Eleições são indispensáveis às nações civilizadas, necessariamente compostas por grupos com opiniões diferentes e com igual direito de chegar ao poder. Como disse o pensador francês Ernest Renan, "uma nação é um plebiscito cotidiano", no qual os cidadãos reafirmam diariamente sua vontade de constituir uma "unidade de destino", como completa Mário Vargas Llosa.
As eleições que se aproximam, aqui no Brasil, mais do que qualquer outra realizada depois da volta da democracia, em 1985, estão indicando que a nação brasileira está se tornando uma comunidade de tribos que se antagonizam e que não se reconhecem como partes de uma mesma sociedade. Não podemos cair na tentação de simplificar essas divisões, atribuindo o clima de polarização e de intolerância à simples manipulação por parte dos candidatos. Ninguém individualmente tem o poder de dividir tanto uma grande e diversificada população, como é o caso da brasileira.
As sementes dessa divisão estão presentes faz muito tempo, embora só agora tenham ganhado massa crítica para dominar o espaço político. O velho Aristóteles já ensinava, há mais de dois mil anos, que "uma cidade é composta de diferentes tipos de homens, pessoas semelhantes não podem dar existência a uma cidade".
Conviver num mundo de diferentes não é, portanto, uma livre escolha de nossa parte, mas uma exigência da própria natureza da vida humana, que abomina a homogeneidade e só se desenvolve na diversidade. Uma sociedade que se segrega em grupos de iguais, que só é solidária com os seus e que rejeita e agride os que pensam ou são diferentes, está deixando de ser humana e regredindo à nossa mais longínqua pré-história.
Na pré-história
Isso não corresponde, absolutamente, aos nossos instintos primordiais. Se a competição tivesse sempre abafado a cooperação, a humanidade ainda estaria vivendo nas cavernas. Se não quisermos voltar ou estacionar no tempo, teremos que encontrar os meios de pacificar todos os brasileiros e desfazer os traços tribais que conspiram com a necessidade de aceitarmos "a unidade de destino", único caminho para aspirarmos a um futuro melhor para todos nós.
O Brasil não está condenado nem pela natureza, nem pela história, a ser um país irrelevante, atrasado e injusto. A verdade, no entanto, é que há mais de 40 anos deixamos de crescer com regularidade e de diminuir a distância que nos separa dos países desenvolvidos. Não era isso que todos esperavam de nós, pois se mantivéssemos o ritmo médio de crescimento que experimentamos em todo o século XX até os anos 1980, estaríamos hoje com o nível de renda próximo ao da Espanha e de Portugal.

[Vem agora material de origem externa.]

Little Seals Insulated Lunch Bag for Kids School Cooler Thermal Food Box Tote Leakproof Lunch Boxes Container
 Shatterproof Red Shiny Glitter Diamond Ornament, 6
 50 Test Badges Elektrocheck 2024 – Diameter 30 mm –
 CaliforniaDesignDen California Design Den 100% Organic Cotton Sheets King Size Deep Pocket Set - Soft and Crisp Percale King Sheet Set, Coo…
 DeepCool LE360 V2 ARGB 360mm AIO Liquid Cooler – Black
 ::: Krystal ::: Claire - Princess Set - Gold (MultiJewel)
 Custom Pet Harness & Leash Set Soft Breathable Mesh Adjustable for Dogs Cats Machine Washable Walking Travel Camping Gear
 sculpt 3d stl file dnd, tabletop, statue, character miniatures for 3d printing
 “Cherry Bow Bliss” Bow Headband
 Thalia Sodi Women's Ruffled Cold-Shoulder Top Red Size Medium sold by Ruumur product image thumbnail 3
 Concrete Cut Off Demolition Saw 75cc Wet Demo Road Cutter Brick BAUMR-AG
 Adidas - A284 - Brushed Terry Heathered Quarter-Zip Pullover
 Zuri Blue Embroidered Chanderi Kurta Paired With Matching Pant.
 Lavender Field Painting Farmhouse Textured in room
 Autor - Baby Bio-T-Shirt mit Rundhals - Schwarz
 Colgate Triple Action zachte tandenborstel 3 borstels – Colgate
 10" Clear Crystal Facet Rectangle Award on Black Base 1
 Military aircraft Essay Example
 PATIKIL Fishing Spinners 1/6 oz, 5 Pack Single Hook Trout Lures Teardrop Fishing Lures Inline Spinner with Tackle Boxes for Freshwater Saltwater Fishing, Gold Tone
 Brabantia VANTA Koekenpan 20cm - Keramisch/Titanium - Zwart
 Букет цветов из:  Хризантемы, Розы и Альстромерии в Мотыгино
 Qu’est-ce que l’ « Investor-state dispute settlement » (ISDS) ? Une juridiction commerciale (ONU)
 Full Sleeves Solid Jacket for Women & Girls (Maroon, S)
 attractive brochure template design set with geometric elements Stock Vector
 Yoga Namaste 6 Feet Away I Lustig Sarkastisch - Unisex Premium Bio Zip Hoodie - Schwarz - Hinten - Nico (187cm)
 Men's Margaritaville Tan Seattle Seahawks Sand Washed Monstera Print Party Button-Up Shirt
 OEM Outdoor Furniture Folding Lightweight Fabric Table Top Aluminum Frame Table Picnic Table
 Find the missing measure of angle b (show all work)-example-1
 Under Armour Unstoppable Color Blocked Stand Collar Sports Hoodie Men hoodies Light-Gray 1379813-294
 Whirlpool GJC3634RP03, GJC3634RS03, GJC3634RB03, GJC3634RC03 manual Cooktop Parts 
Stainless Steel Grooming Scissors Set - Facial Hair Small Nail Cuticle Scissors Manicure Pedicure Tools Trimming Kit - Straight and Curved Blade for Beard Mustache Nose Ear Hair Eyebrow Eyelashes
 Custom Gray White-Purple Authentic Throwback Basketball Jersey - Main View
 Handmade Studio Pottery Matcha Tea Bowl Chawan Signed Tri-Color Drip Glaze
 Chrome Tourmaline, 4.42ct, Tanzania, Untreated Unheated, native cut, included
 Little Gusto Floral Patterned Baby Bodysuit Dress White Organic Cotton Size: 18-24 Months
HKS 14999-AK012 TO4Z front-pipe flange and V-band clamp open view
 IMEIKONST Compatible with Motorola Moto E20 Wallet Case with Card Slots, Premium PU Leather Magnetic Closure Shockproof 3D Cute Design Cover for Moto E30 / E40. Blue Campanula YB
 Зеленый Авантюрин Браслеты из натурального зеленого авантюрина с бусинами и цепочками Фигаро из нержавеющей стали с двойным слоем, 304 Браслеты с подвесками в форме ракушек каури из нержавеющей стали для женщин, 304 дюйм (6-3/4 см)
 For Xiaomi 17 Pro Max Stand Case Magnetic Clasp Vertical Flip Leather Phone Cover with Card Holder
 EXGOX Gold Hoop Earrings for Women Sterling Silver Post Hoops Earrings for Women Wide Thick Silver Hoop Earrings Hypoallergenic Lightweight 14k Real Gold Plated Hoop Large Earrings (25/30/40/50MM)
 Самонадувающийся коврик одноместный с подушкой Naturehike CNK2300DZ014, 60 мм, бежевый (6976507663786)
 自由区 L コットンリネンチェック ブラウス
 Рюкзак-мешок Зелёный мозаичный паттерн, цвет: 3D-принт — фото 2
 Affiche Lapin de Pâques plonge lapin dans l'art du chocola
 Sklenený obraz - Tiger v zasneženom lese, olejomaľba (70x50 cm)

O enigma que cerca essa mudança de trajetória só pode ser decifrado pelos erros da política, já que nenhum desastre de qualquer natureza se abateu sobre nós. O fracasso na economia começou com a herança que nos legou o regime militar e prosseguiu com a Constituição que sacralizou os privilégios da alta burocracia do Estado, manteve um sistema político sem representatividade e proclamou direitos para todos, mas os assegurou, efetivamente, para muito poucos. A história, desde então, é de governos sem maioria própria, tentando mudar a Constituição para poder governar.
O resultado tem sido quase sempre uma sucessão de crises, ausência de crescimento, corrupção e a frustração das grandes maiorias sociais. Aí estão as sementes da falta de esperança, da raiva e do medo, as verdadeiras fontes desse novo Brasil tribal.
Estamos num ponto em que as eleições não vão, por si só, pacificar o país e torná-lo, de novo, uma nação. Resta esperar que nossos erros tenham chegado ao limite e que um evento imprevisto e regenerador nos permita voltar a ser uma nação.